Caspar Fownes' gutsy gelding is aiming to be the first back-to-back winner of the Group One since champion Silent Witness in 2004 and 2005. But at seven years of age and with 37 lifetime starts there are plenty of miles on the odometer, and perhaps some signs emerging that the son of Dubawi is past his peak.

Lucky Nine has also logged a few frequent flier miles on his many overseas forays and has never been a low maintenance horse - he has scaled the heights despite hoof problems, lameness and suffering bleeding attacks.

Fownes has freshened Lucky Nine (Brett Prebble) for this race and gone without the usual lead-up trial. His last run was more than two months ago in the Group One Hong Kong Sprint, where the quirky galloper's other great weakness reared its head, literally. Lucky Nine didn't just miss the start, as he has many times before, he jumped in the air as the gates opened and Prebble was forced to take evasive action to avoid hitting his head on the top of the machine.

Before that came an inexplicable failure in the VRC Sprint Classic at Flemington in November, but you don't have to go back too far to find efforts that, if equalled, would result in a win. Lucky Nine was beaten a whisker by Buffering in the Manikato Stakes after a long break in late October, and in May last year he romped in by three lengths in the Krisflyer International Sprint at Kranji.

A clean jump may hold even more weight than usual given what looks like a lack of pace, especially relative to the usual pressure of a 1,200m Group One at Sha Tin, meaning Prebble will want to be midfield at worst.

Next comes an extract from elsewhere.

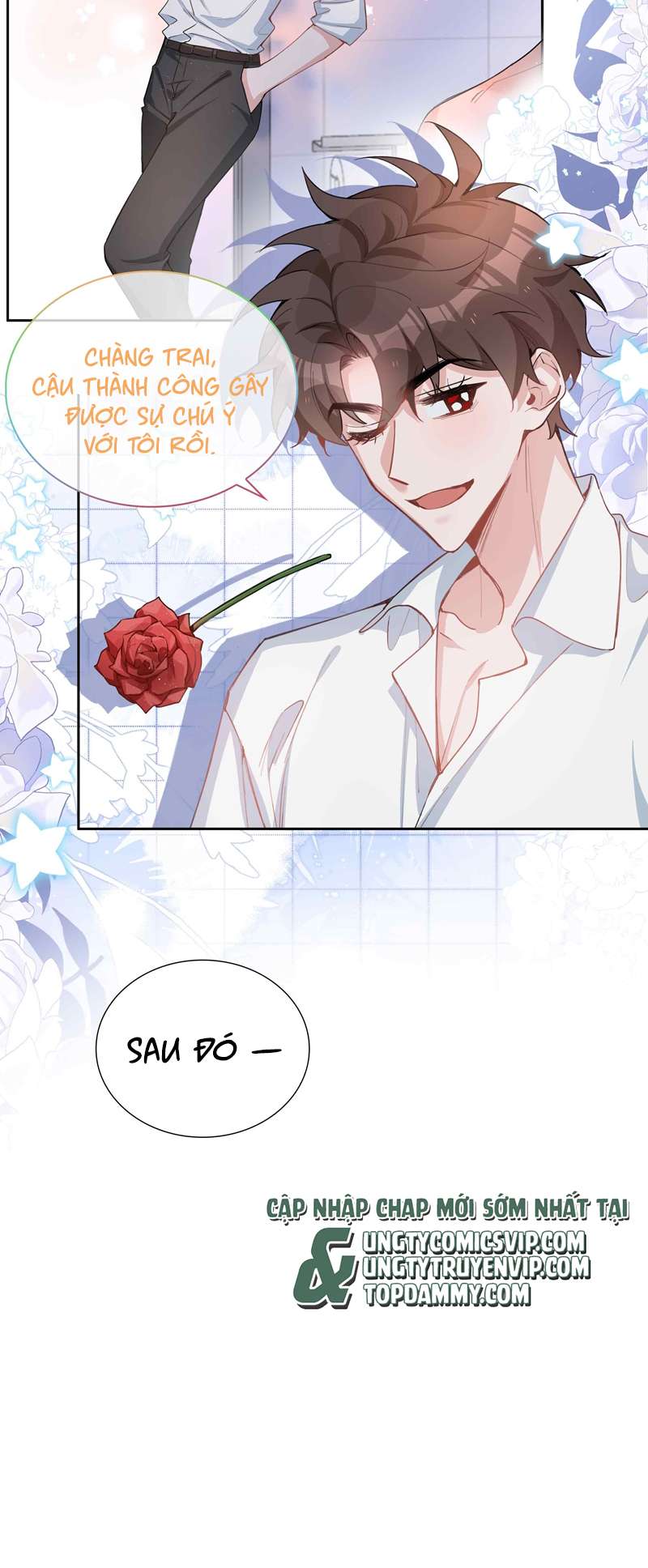 Sơn Hải Cao Trung Chapter 71 - Trang 3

Just three of the 10 runners look likely to be ridden aggressively from their gates - Bullish Friend (Zac Purton) and Cerise Cherry (Matthew Chadwick) will try to find the fence from gates four and six, with Go Baby Go (Olivier Doleuze) slicing across from gate seven and blessed with the necessary dash to lead. All three could figure if things go wrong behind for the more fancied runners, or if they can at last settle on some sort of tactical truce and coast up front.

Best placed to take advantage of any ill-fortune for Lucky Nine, or perhaps a slow tempo, is clear second pick Sterling City (Joao Moreira) - one of four runners in the race for trainer John Moore. The five-year-old has always looked like a 1,400m horse, and comes back from an impressive Group Three win in the Chinese Club Challenge Cup at the trip, but he still has some zip at both ends of a race.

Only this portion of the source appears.